Table of Contents

Distribution Contents

  • src/ source code and platform dependent makefiles
  • doc/ offline access to this documentation

System Requirements

  • C compiler
  • CUDA compiler
  • MPI library

License

awp-odc-os is licensed under BSD-2

Installation

To install awp-odc-os, perform the following steps:

  1. Code access: https://github.com/HPGeoC/awp-odc-os. The master-branch (default) contains the latest published and tested version of awp-odc-os.

  2. Compile code

    cd awp-odc-os-v1.0
    cd src
    

    (depends on the system, example below is based on Cray XK7 on Blue Waters at NCSA)

    module swap PrgEnv-cray PrgEnv-gnu
    module load cudatoolkit
    module unload darshan
    make clean -f Makefile.[MACHINE].[COMPILER]
    make -f makefile.[MACHINE].[COMPILER]
    

    ([MACHINE] represents machine name, e.g. titan, bluewaters) ([COMPILER] represents compiler name, e.g. gnu, pgi, cray)

  3. Executable pmcl3d located in src/

Running awp-odc-os

  1. Unzip awp-odc-os-v1.0-example.tar.xz
    cd awp-odc-os-v1.0
    tar -xf awp-odc-os-v1.0-example.tar.xz
    
  2. Run the environment setting script. This script will prepare required folders and link executable and input files into run/ folder.

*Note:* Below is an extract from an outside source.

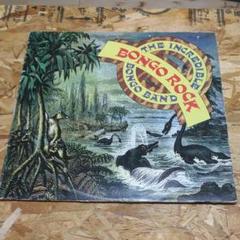 未使用品 難あり アナログレコード LP盤　BONGO ROCK 50周年記念盤 2025年最新】Bongo_Rockの人気アイテム - メルカリ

    cd awp-odc-os-v1.0-example/run/
    

    (depends on the system, e.g. on Blue Waters)

    ./env.sh
    

    this script creates following folders:

    • input/ - single small source and mesh input files (for small scale tests)
    • input_rst/ - pre-partitioned source and mesh files (for large scale tests, see Source file processing section and Mesh file processing section)
    • output_ckp/ - run statistics and checkpoints if enabled
    • output_sfc/ - output folder striping might be needed for lustre system
  3. Submit pbs job from run/ directory. Like the run script, the job submission process is platform dependent. On Blue Waters, for instance, the run.bluewaters.pbs script can be found in run/ and submitted via (modify your pbs script - account, email address):

    qsub run.bluewaters.pbs
    

Important Notes

  1. Parameter settings reference info in src/command.c

  2. Key model parameters of the executable (pmcl3d):

    parameter(s) result
    -X -Y -Z grid points in each direction (or NX, NY, NZ)
    -x -y GPUs used in x/y direction each, total x*y GPUs used or NPX, NPY, NPZ(=1)
    --TMAX total propagation time to run in seconds
    --DT time step in seconds (total time steps are TMAX/DT)
    --DH discretization in space (spatial step for x, y, z (meters))
    --NVAR number of variables in a grid point
    --NVE visco or elastic scheme (1=visco, 0=elastic)
    --NSRC number of source nodes on fault
    --NST number of time steps in rupture functions
    --IFAULT mode selection and fault or initial stress setting (0-2)
    --MEDIASTART initial media restart option(0=homogeneous)
  3. Key I/O parameters of the executable (pmcl3d):

    parameter(s) result
    --READ_STEP CPU reads # step sources from file system
    --READ_STEP_GPU CPU reads larger chunks and sends to GPU at every READ_STEP_GPU (when IFAULT=2, READ_STEP must be divisible by READ_STEP_GPU)
    --WRITE_STEP # timesteps to write the buffer to the files
    --NTISKP # timesteps to skip to copy velocities from GPU to CPU
    --NSKPX # points to skip in recording points in X
    --NSKPY # points to skip in recording points in Y
  4. Other model parameters

    parameter(s) result
    --ND ABC thickness (grid-points), Cerjan >= 20
    --NPC Cerjan(0), or PML(1), current version only implemented for Cerjan (NPC=0) (npx*npy*npz)/IOST < the total number of OSTs in a file system (IOST definition see section Lustre file system specifics)
    --SoCalQ parameter set for California Vp-Vs Q relationship (SoCalQ=1), default SoCalQ=0
  5. Modify BLOCK_Z_SIZE in src/pmcl3d_cons.h manually parameter BLOCK_Z_SIZE must be powers of 2 (32, 64 …) and can be divided by NZ BLCOK_SIZE_Z is preferred to be as big as possible for better performance. Default BLOCK_Z_SIZE in this version of awp-odc-os is 256.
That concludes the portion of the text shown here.